This project provides tools to analyze network traffic captured in PCAP files and employs Machine Learning (ML) models to classify encrypted internet traffic. It focuses on extracting critical traffic features for app usage classification, visualizing them, and predicting the application generating the traffic among Chrome, Edge, Spotify, YouTube, and Zoom.
PCAP File Analysis:
-
Load PCAP Files:
- Supports
.pcapand.pcapngformats. - Activates "Show Dataframe" and "Show Graphs" buttons upon loading.
- Supports
-
Show Dataframe:
- Extracts and displays features such as:
- Flow size (total packets per flow)
- Flow volume (total bytes per flow)
- Average packet size
- Packet size distributions
- Packet timestamps and Inter-Arrival Times (IAT)
- Flow duration
- Flow directionality (forward vs. backward packet counts)
- TCP flags distribution (SYN, ACK, RST, PSH, FIN)
- IP protocols usage
- HTTP packet counts (HTTP/1, HTTP/2, HTTP/3)
- Extracts and displays features such as:
-
Show Graphs:
- Provides interactive visualizations of extracted features:
- Average Packet Size (Bar Chart)
- Average Inter-Arrival Time (Bar Chart)
- Packet Size Distribution (Histogram)
- Inter-Arrival Time Distribution (Histogram)
- Flow Volume per Second (Line Graph)
- Flow Size vs.
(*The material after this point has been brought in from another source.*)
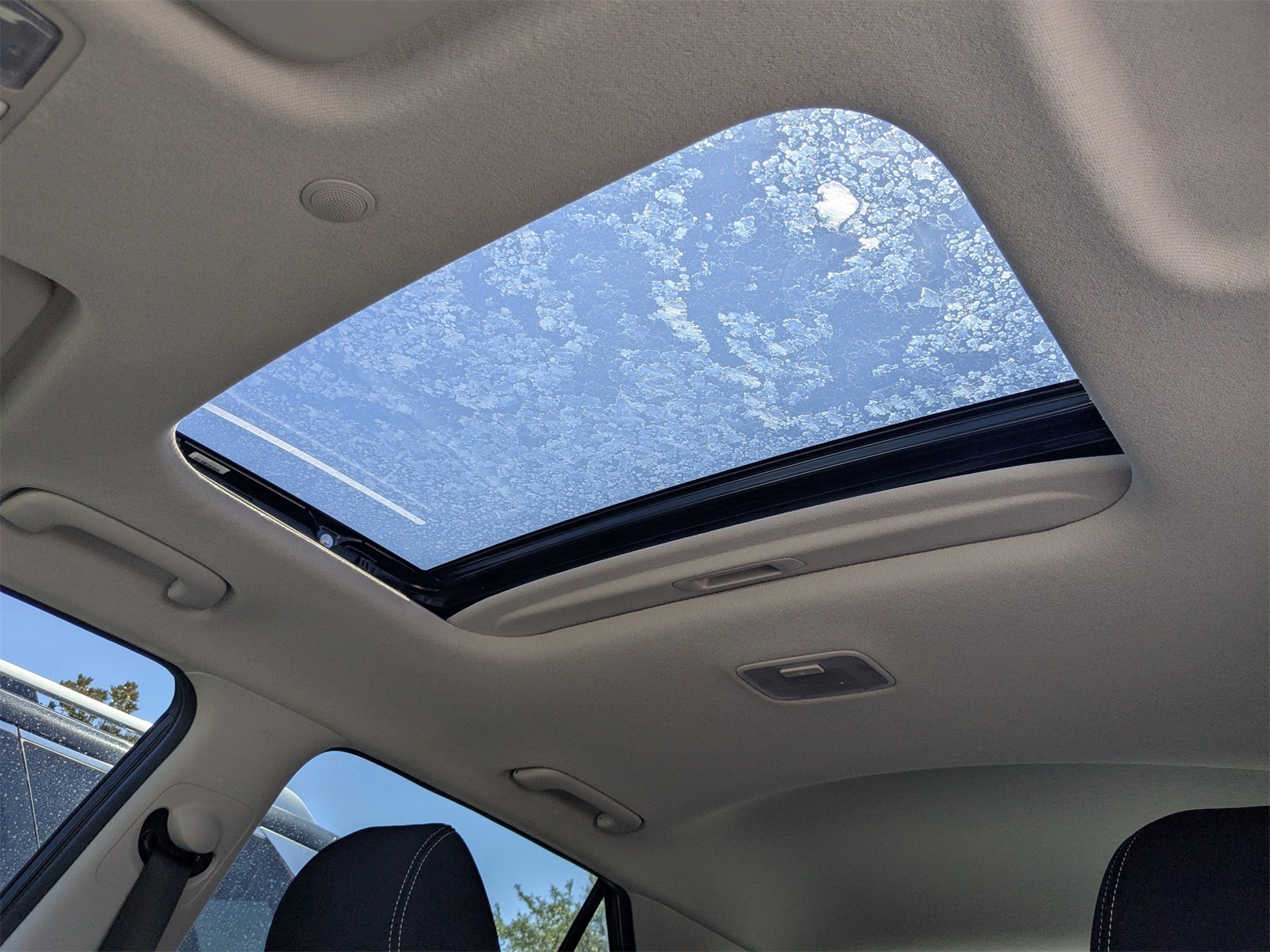 2025 Hyundai Venue SEL Image 37 of 40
Volume (Scatter Plot)
- Flow Size per PCAP (Bar Chart)
- Flow Volume per PCAP (Bar Chart)
- Flow Directionality (Forward vs. Backward packets per PCAP, Bar Chart)
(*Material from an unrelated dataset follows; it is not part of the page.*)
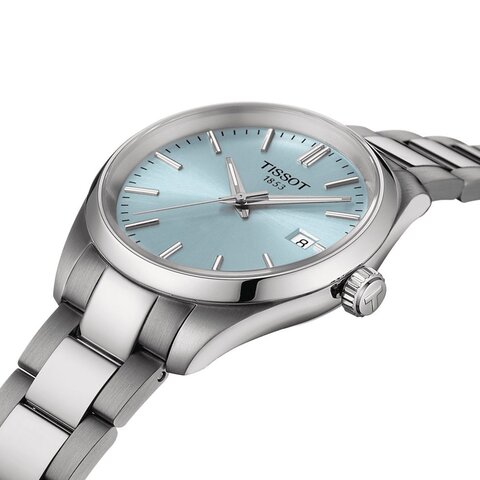 Tissot horloge met een kast in staal, met een wijzerplaat in het blauw en een diameter van 34 mm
- IP Protocols Distribution (Bar Chart)
- TCP Flags Distribution (Bar Chart)
- HTTP Distribution (Bar Chart)
- Provides interactive visualizations of extracted features:
-
ML Prediction:
-
in order to see accuracy results of the prediction, the traffic type("chrome"/"edge"/"youtube"/"spotify"/"zoom") must be the prefix of the filename, as the validation logic of the prediction follows that logic.
- Predict without Flow: Classifies traffic using packet sizes and timestamps.
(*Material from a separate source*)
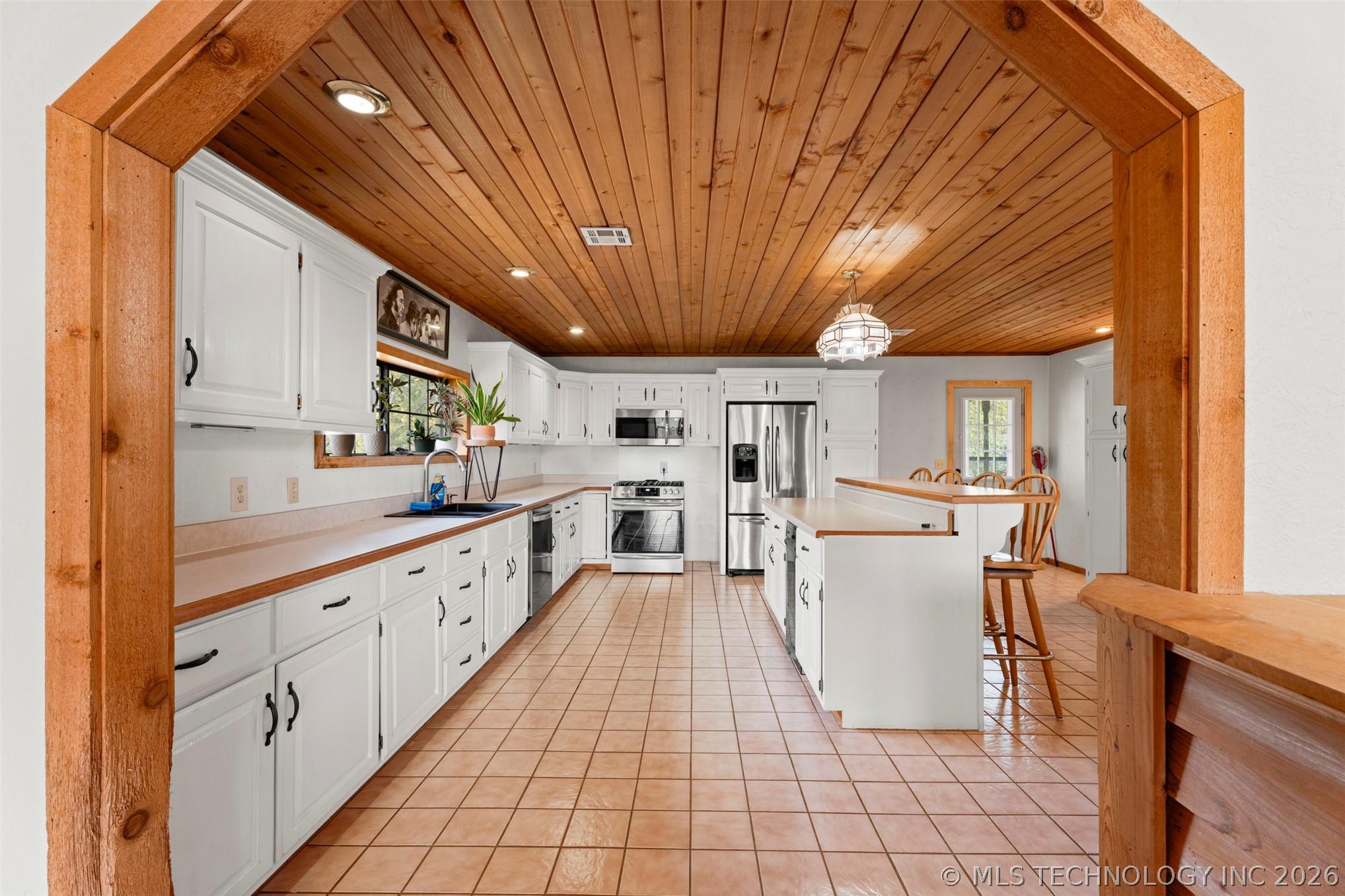 Image 4: Kitchen is Massive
- Predict with Flow: Classifies traffic using packet sizes, timestamps, and anonymous flow-based features.
- Python 3.8+
- Dependencies:
pyshark,scikit-learn,matplotlib,pandas,numpy,seaborn,tkinter
if running on linux, recommended to run in full screen for full compatability
- Clone the repository:
git clone https://github.com/aviv15616/ExNetsFinal.git
- Navigate to the project directory:
cd ExNetsFinal - Install dependencies:
pip install -r requirements.txt
- Run main.py
- Enjoy!
-
Scenario 1 (Packet sizes, timestamps and Flow-Based):
- Attacker obtains packet sizes, timestamps, and hashes of the 4-tuple flow ID.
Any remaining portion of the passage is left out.